Starting this morning, we washed the oranges and lemons and removed the 'buttons' on the ends of the fruit. The fruit was placed in a large pot and enough water to cover them was added. The fruit boiled for 90 minutes, until the fruit is fork-tender. At that point, we will remove the fruit from the pot to cool. Once cooled, the fruit is sliced and any seeds or pith removed and placed in the pot of juices to boil for an additional 10 minutes. The juice in the pot is strained, returned to the pot along with the fruit.
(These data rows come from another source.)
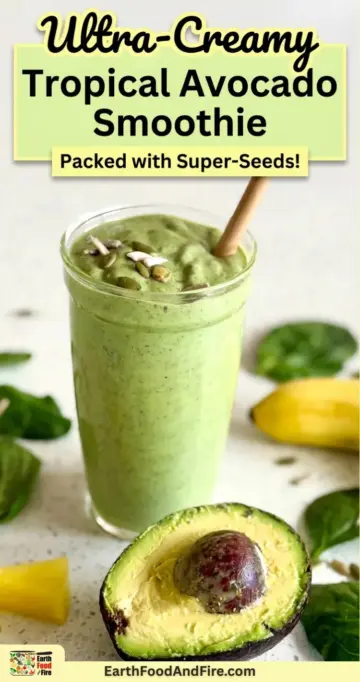 Avocado smoothie with pieces of pineapple, whole banana, half of the avocado, spinach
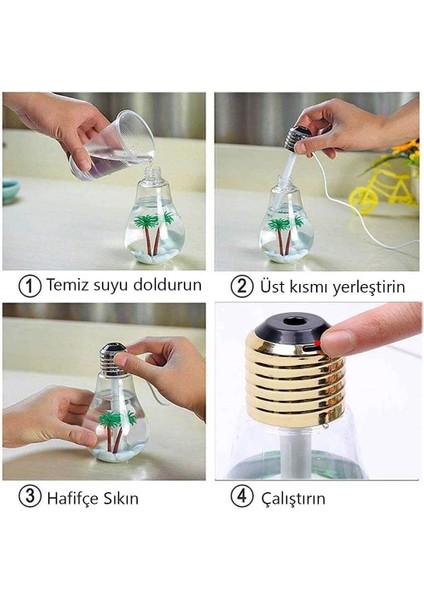 Ampül Hava Nemlendirici Usb|7 Renkli Kaliteli Dekoratif Buhar MAKINESI-400 ml Hazneli Gece Lambası fiyatları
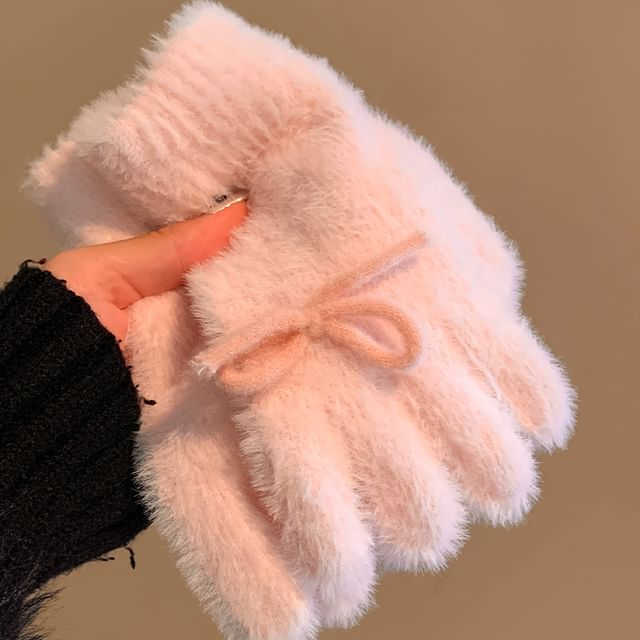 Knit Gloves Fluffy Bow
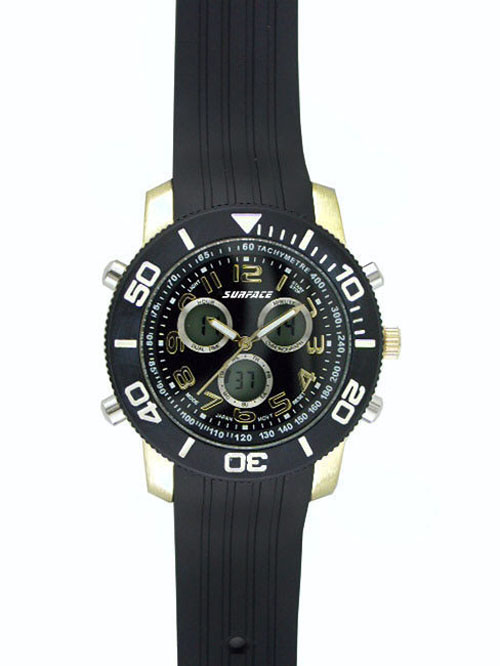 Surface Mens' Chronograph Gold-tone Case Watch with Black Round Multi Dials at Kmart.com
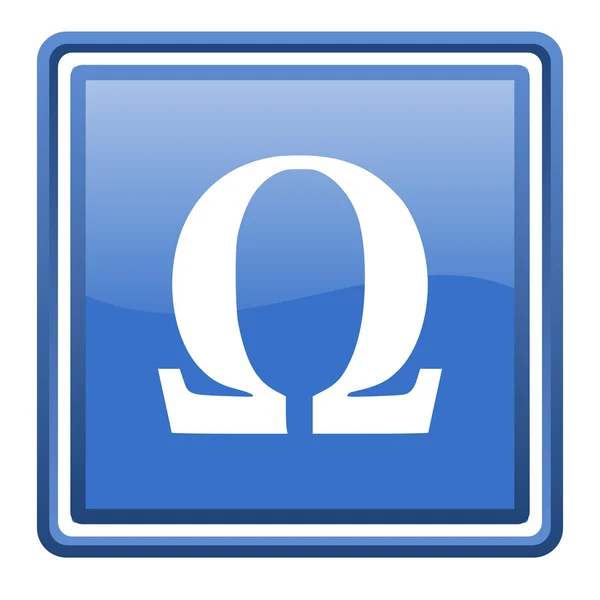 Omega blauwe glanzende vierkante web pictogram geïsoleerd — Stockfoto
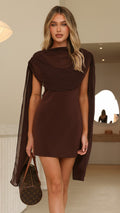 Marena Mini Dress - Brown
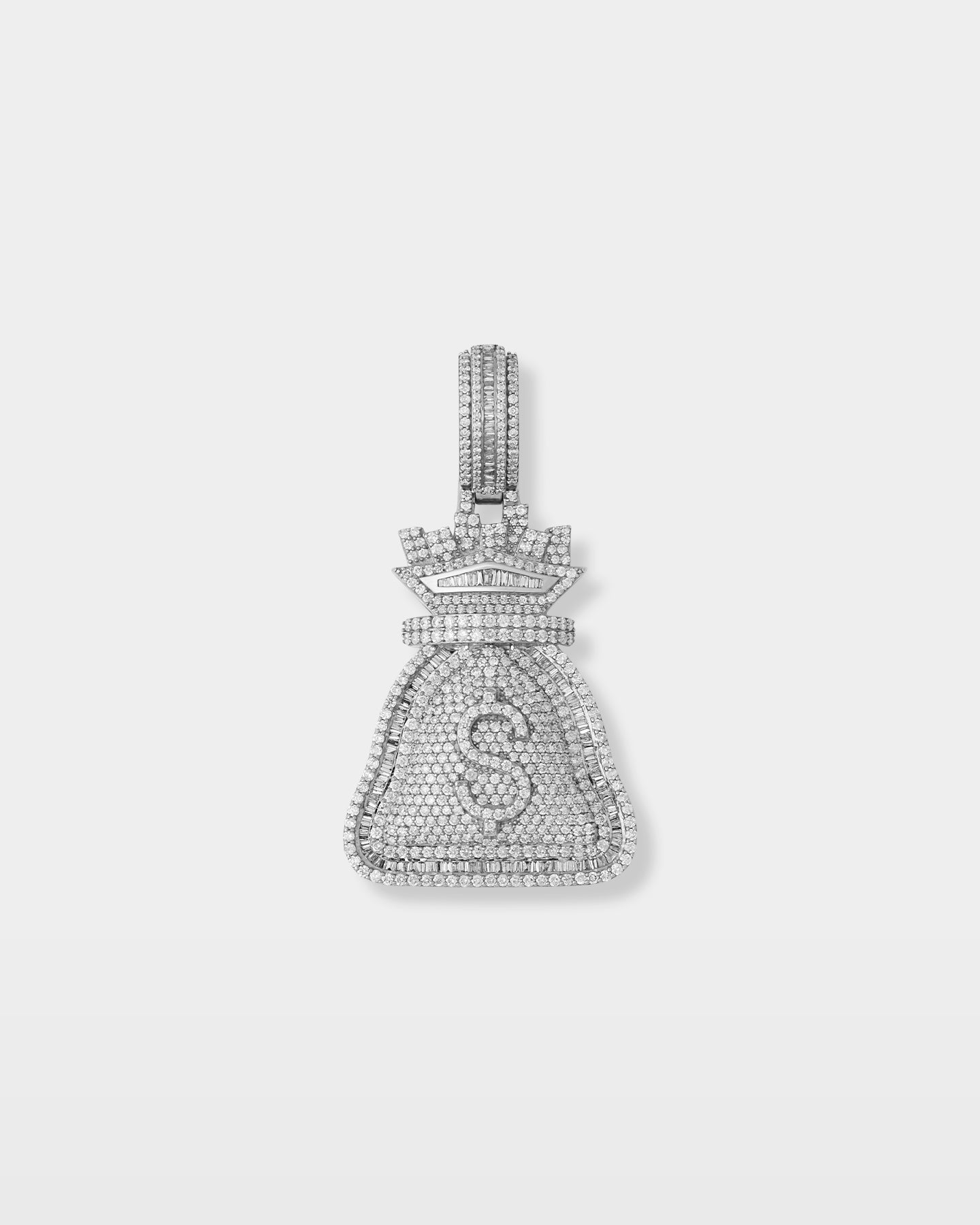 White Gold Money Bag Diamond Pendant | The Ice Champ TX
Now we are ready to make marmalade.
Bring the fruit and juices to a boil, then add the sugar and boil stirring occasionally to prevent scorching. Do this until the fruit temperature reaches 9 degrees beyond the boiling point in your kitchen(bring final temp of jam to at least 220F) or the thickness of marmalade that you like. Remove the pot from the heat, skim off any foam and spoon the jam into hot sterilized pint jars, leaving 1/2 inch of head room. Seal the jars with the canning lids and place in a hot water bath in a canning pot for 10 minutes. Each batch makes 5-6 pints of marmalade.
This marmalade is very flavorful and wonderful on whole wheat toast in the morning. Enjoy!